Lenses solve this by providing a first-class, composable way to “zoom in” on nested values and transform them surgically.
When your data is flat, mutate() is perfect. But as soon
as you have nested DataFrames (e.g., a “World” table
containing “Countries”, which contain “Cities”, which contain
“Neighborhoods”), standard verbs force you into a Pyramid of
Doom.
To update a value three levels deep, you have to manually traverse
every layer using map() and mutate(). Notice
how you must invent new lambda variables (c,
nb) for every level:
-- Increasing population by 5% three levels deep
updated_world = world |> mutate(
$countries = map($countries, \(c)
c |> mutate(
$cities = map($cities, \(nb)
nb |> mutate($population = $population * 1.05)
)
)
)
)
This is fragile: if the schema changes, you have to rewrite the entire block. It’s also hard to read and easy to make a mistake in the nesting.
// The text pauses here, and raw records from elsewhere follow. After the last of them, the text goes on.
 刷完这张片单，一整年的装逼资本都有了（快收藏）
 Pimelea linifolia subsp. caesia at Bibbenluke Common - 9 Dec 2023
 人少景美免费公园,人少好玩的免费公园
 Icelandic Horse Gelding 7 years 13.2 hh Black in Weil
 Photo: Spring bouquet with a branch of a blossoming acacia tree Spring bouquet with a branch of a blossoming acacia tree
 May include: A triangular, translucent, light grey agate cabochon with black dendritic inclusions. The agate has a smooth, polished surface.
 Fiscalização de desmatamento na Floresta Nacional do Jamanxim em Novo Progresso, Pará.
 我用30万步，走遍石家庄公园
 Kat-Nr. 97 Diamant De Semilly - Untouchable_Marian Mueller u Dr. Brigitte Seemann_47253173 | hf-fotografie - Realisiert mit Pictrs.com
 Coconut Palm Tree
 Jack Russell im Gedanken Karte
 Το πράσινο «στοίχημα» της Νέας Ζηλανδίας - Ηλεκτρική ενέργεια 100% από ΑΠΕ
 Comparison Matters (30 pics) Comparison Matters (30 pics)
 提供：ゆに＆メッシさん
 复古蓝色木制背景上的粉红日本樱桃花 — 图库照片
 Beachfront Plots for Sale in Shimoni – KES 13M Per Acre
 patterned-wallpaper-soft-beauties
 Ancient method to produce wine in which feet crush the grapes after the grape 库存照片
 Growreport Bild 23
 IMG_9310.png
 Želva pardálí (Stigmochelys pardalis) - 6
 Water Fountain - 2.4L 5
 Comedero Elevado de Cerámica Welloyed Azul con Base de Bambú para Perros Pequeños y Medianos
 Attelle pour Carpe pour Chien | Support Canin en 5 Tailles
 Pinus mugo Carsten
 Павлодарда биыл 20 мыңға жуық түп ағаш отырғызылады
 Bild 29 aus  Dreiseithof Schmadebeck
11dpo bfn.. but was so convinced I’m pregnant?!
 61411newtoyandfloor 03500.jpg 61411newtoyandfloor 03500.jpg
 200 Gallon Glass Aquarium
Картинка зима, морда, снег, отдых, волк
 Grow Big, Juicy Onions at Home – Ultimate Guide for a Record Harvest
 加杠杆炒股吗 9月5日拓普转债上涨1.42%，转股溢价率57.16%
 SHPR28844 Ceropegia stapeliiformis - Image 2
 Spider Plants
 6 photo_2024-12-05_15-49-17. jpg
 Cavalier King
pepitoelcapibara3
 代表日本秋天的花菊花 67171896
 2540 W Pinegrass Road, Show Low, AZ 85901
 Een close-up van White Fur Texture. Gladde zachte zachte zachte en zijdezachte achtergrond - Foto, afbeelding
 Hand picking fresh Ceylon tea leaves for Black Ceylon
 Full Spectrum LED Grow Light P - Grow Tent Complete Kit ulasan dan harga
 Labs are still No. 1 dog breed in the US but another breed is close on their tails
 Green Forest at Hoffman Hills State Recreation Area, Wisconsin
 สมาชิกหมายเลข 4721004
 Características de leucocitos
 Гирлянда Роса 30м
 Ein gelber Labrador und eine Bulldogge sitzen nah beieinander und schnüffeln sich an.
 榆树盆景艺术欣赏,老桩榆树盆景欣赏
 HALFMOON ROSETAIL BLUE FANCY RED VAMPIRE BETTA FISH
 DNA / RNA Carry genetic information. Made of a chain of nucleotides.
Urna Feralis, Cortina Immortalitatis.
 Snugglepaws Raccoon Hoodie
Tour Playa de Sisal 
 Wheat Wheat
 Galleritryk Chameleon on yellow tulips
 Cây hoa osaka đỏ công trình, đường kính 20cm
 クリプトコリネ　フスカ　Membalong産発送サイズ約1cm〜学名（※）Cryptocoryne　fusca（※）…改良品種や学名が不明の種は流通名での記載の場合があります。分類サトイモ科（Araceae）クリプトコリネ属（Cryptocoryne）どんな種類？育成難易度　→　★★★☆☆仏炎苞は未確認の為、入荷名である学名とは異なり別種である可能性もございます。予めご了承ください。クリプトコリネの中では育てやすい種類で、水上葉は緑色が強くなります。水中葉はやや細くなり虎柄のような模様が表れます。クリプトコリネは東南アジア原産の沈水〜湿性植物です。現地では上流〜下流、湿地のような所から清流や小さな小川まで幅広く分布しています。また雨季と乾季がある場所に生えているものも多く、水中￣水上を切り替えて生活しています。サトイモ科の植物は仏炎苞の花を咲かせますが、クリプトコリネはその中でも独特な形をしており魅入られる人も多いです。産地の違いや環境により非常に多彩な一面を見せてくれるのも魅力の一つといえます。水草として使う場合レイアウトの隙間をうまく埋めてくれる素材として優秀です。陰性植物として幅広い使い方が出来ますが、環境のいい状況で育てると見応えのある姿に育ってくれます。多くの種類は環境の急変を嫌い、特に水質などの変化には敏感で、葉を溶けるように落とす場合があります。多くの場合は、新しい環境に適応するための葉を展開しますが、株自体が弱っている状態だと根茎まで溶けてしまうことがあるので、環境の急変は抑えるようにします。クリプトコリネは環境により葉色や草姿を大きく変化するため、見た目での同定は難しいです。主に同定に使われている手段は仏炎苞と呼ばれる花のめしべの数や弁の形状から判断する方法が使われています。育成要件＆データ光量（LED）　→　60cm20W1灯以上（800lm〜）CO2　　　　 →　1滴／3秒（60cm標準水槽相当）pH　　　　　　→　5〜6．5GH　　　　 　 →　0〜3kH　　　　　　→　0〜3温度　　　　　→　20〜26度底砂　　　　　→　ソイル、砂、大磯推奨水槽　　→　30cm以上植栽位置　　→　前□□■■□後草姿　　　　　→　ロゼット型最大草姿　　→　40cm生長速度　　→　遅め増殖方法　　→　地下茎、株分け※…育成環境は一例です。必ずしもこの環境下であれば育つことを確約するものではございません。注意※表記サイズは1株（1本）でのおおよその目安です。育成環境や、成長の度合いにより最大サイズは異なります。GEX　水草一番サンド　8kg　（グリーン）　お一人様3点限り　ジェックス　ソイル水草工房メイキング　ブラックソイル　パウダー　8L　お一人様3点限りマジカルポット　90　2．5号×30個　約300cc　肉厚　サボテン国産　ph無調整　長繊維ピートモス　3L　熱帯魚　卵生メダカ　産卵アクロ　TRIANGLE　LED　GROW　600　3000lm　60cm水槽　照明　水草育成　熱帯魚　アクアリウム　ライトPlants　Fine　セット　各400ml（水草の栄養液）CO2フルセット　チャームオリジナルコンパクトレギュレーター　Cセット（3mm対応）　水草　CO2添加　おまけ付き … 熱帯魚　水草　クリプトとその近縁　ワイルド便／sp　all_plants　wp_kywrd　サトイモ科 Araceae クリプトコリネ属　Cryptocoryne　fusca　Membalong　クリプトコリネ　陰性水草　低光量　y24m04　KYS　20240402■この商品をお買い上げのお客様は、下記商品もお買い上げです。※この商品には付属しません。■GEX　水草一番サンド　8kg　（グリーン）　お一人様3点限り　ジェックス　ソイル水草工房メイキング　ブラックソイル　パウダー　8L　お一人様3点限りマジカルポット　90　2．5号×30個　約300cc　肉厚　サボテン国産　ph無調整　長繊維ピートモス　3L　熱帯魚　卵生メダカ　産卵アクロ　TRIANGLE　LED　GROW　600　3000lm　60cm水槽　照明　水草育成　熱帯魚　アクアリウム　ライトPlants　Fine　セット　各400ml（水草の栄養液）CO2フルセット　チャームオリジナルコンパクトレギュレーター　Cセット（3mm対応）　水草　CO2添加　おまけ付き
Lenses allow you to define the path to the data once, and then apply it in a single operation. T handles the deep traversal and reconstruction of the immutable structure automatically.
-- Define the path once
-- compose() is variadic and accepts any number of lenses
pop_l = compose(col_lens("countries"), col_lens("cities"), col_lens("population"))
-- Perform the surgical update
updated_world = world |> over(pop_l, \(x) x .* 1.05)
over function automatically
distributes your transformation across all rows at every level of the
hierarchy.pop_l as a
variable and use it for get(), set(), or
over() across your entire project.Pipelines in T are often treated as immutable specifications. If you needed to change an environment variable for a deep node or update a cached result before building, you previously had to reconstruct the pipeline or use internal hacks.
Specialized lenses allow you to treat a Pipeline as a queryable data structure.
node_lens(node_name): Targets the
cached result value of a specific node.env_var_lens(node_name, var_name):
Targets a specific environment variable for a given node.p = build_pipeline("complex_analysis.t")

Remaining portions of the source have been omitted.